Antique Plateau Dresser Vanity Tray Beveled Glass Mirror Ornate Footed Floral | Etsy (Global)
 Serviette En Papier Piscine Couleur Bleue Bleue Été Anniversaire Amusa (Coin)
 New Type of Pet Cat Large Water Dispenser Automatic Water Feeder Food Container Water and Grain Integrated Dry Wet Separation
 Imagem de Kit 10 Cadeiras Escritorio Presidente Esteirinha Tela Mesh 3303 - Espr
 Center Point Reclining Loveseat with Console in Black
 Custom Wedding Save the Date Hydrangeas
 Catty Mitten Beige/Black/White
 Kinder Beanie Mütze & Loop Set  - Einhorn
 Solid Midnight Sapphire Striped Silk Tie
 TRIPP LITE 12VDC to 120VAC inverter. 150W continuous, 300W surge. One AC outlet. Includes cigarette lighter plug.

• • • •

* **Your assignment**:
Give all of the entries again, exactly.

* **Expected answer**:
Antique Plateau Dresser Vanity Tray Beveled Glass Mirror Ornate Footed Floral | Etsy (Global)
 Serviette En Papier Piscine Couleur Bleue Bleue Été Anniversaire Amusa (Coin)
 New Type of Pet Cat Large Water Dispenser Automatic Water Feeder Food Container Water and Grain Integrated Dry Wet Separation
 Imagem de Kit 10 Cadeiras Escritorio Presidente Esteirinha Tela Mesh 3303 - Espr
 Center Point Reclining Loveseat with Console in Black
 Custom Wedding Save the Date Hydrangeas
 Catty Mitten Beige/Black/White
 Kinder Beanie Mütze & Loop Set  - Einhorn
 Solid Midnight Sapphire Striped Silk Tie
 TRIPP LITE 12VDC to 120VAC inverter. 150W continuous, 300W surge. One AC outlet. Includes cigarette lighter plug.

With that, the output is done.